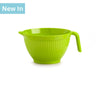 G315 - Mini Melamine Mixing Bowl Jug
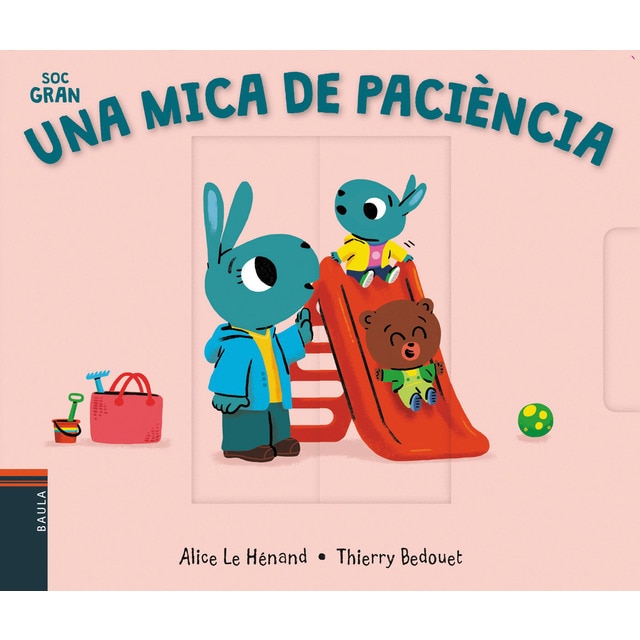 Una mica de paciència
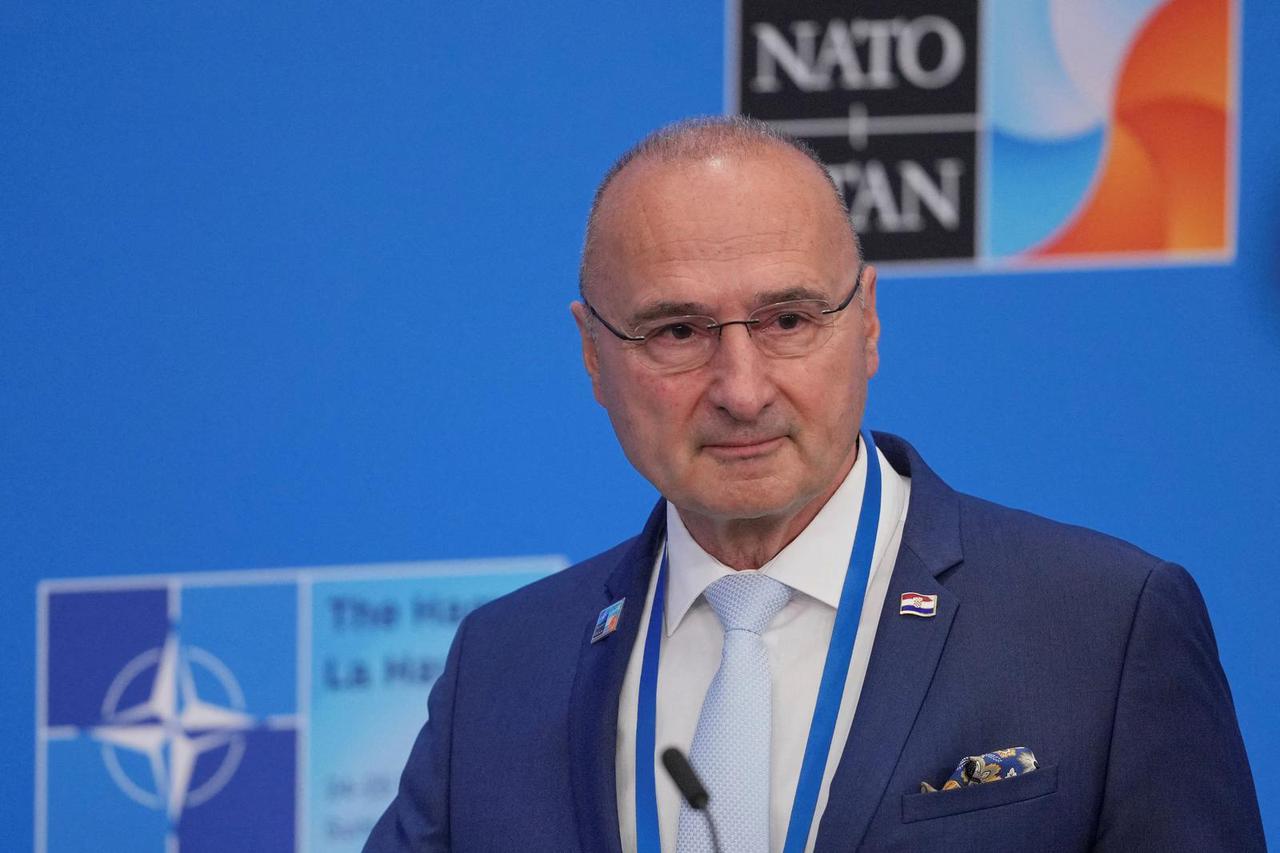 NATO summit in The Hague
::::::
What the task asks:
Reproduce the lines above exactly, image-free.

Final answer:
 G315 - Mini Melamine Mixing Bowl Jug
 Una mica de paciència
 NATO summit in The Hague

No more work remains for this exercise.